Hegel calls this biased notions reality.
-
Specialized reflective history focuses on one arm in history, such as
"the history of art, of law, or of religion." At the same time, it
represents a transitional stage to philosophic history because it treats
particular histories from a "universal viewpoint." The particular arm
in history taken (e.g. the history of law) represents a choice and an effort on
the part of the historian to present fragments of a particular history in such
a manner that it harmonizes with its universal concept.
As long as it is “ideas” that guides the history of nations as they pursue law, art, or religion, it is then the case that the "Spirit" (idealism) is what guides history as a whole. It is this larger process that is the focus of the third category of history, philosophic history. As humans (historians) we think constantly, Hegel notes, but most of history (even reflective history) would seem to emphasize events over thought in the end. Philosophic history, however, prioritizes thought before history, bringing pure philosophical ideas to bear on events. Hence, the thoughts that organize the "raw material" of historical events into philosophic history is taken as priority and can stand alone; for they are a-priori.
Hegel sets out these three main divisions of recorded history in order to clear the way for his own method of "philosophic" history. But, what is said about his method depends heavily on the notion of Spirit that Hegel has already begun to build. Now, Spirit is Hegel's best-known and probably most difficult concept. The basic idea of Hegel’s concept of spirit is that all of human history is guided by a rational process of self-recognition, in which human participants are guided to greater and greater self-awareness and freedom by a rational force that transcends them. (Hegel also emphasizes that we need not think of Spirit as God). According to Hegel, the only interest of this force, Spirit, is to realize its own principle of true freedom.
Philosophic history thus taps directly into the Spirit that guides world history, because this Spirit is essentially a force of Reason. Philosophy (particularly in pure logic) comes to know the characteristics of Spirit first, and then looks for them in the events of history. The characteristic of Spirit which it comes to know is roughly, that Spirit seeks only to realize its own nature, which is freedom. Thus, Hegel is already marking the rough outlines of what he means by Spirit, and is setting up his historical method (philosophic history) as the best one for understanding this guiding force in history (because philosophy knows it beforehand).

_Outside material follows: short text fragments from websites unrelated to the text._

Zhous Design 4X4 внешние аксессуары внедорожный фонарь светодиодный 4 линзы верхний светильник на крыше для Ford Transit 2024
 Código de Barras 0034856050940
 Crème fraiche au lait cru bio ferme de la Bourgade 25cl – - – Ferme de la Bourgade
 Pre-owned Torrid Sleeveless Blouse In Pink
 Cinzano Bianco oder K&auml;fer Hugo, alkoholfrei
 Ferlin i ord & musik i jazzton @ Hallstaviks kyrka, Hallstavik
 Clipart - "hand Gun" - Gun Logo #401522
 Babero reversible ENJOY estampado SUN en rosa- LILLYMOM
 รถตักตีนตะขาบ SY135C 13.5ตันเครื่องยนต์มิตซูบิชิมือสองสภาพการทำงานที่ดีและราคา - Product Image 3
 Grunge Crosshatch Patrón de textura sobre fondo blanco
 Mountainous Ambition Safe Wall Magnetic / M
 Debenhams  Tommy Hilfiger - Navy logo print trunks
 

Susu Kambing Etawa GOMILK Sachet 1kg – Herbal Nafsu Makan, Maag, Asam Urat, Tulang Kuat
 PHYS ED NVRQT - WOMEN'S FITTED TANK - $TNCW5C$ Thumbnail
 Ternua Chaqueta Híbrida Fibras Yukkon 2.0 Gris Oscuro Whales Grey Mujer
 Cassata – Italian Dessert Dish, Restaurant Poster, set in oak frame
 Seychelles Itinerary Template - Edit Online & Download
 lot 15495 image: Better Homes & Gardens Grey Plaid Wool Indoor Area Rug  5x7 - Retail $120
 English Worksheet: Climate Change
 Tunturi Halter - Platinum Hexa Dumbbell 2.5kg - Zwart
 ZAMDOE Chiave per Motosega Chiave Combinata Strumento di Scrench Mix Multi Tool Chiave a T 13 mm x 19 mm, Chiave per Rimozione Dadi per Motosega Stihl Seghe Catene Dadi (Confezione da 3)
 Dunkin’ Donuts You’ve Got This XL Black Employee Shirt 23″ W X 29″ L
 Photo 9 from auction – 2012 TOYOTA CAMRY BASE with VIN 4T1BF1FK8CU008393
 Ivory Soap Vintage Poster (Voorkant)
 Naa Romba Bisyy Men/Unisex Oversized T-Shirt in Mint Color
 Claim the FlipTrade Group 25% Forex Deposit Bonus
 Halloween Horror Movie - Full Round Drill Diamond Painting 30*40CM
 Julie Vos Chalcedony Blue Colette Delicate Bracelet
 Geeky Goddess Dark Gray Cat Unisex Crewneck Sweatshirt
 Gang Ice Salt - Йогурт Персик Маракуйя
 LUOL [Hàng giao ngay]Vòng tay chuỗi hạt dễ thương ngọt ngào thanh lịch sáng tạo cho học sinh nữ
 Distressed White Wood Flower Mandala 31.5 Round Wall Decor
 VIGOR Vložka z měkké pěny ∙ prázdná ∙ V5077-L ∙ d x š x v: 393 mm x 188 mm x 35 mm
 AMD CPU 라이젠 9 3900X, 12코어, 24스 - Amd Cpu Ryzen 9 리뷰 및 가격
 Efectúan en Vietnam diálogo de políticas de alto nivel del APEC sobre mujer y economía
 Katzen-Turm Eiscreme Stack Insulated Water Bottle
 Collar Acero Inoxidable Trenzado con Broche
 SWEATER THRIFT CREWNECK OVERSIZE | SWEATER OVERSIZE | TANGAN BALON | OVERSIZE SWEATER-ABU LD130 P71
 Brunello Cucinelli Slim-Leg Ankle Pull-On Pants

Focusing on his own method (philosophic history), Hegel gives a brief defence of the idea that “Reason rules history”. Reason is infinitely free because it is self-sufficient, depending on nothing outside of its own laws and conclusions. It is also infinitely powerful, because by nature it seeks to actualize its own laws in the world. Hegel argues that, in a very real sense, the "substance" or content of world history is nothing but Reason, since all of history is caused and guided by a rational process. The idea that Reason rules the world, he says, is both an assumption we must make before we practice philosophic history and a conclusion drawn from that practice. Therefore, the function of philosophical history for Hegel is to provide a comprehensive, all-inclusive, and totalizing account of history which should explain why history has rationally followed a deterministic course and why persons in history behave the way they do.